MIMO and Relay Systems Based on Multi-Amplitude Minimum Shift Keying
Thesis DisciplineElectrical Engineering
Degree GrantorUniversity of Canterbury
Degree NameMaster of Engineering
This thesis describes the use of a multi-amplitude minimum shift keying (MAMSK) signal in various types of wireless communication system. A MAMSK signal is a bandwidth efficient modulation scheme obtained by superimposing ℳ minimum shift keying (MSK) signals with unequal amplitudes. The overall phase of a MAMSK signal is controlled by the phase of the largest component MSK signal which allows the use of a low-complexity differential detector. A closed form expression for the average bit error rate (BER) for coherent detection of an MAMSK in AWGN is derived and is shown to achieve the same BER as that of square constellation quadrature amplitude modulation (QAM) with the same average transmit power.
We describe the design and implementation of a STBC-based MIMO radio system in conjunction with MAMSK modulation. The proposed system provides high capacity data transmission by carrying information not only in the phases but also in the amplitude. Despite using a simple MAMSK differential receiver the system achieves performance within 1 dB of coherent detection. The existing MSK modems in conjunction with STBC could easily be modified to construct the proposed system.

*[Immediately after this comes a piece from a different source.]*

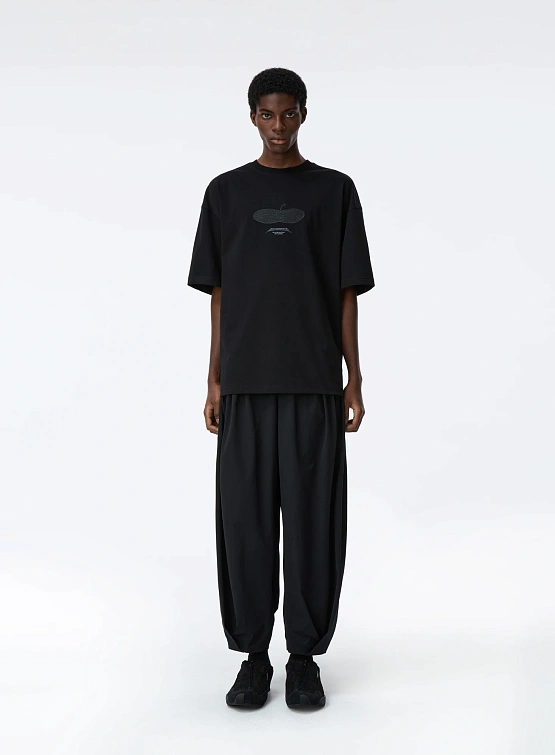 Футболка ADERERROR Press Apple Product. 47 Black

The MAMSK modulation scheme is extended to a multiuser relaying network where two nodes cooperate in a half-duplex environment to achieve diversity gain. The cooperative scheme is based on superposition modulation using a decode-and-forward (DF) strategy. In the proposed scheme, each node simultaneously transmits its own and the relayed signals by superimposing one on the other. A MAMSK signal is an excellent choice for this type of cooperative communication due its being obtained by a superposition technique. The proposed system exploits the overall phase of a MAMSK signal which allows differential detection and as a result it provides the lowest decoding complexity and memory requirements among the existing superposition based cooperation schemes. The performance of the system is evaluated by simulation, where it is shown that the MAMSK cooperative system outperforms a conventional DF scheme in terms of both power and bandwidth efficiency.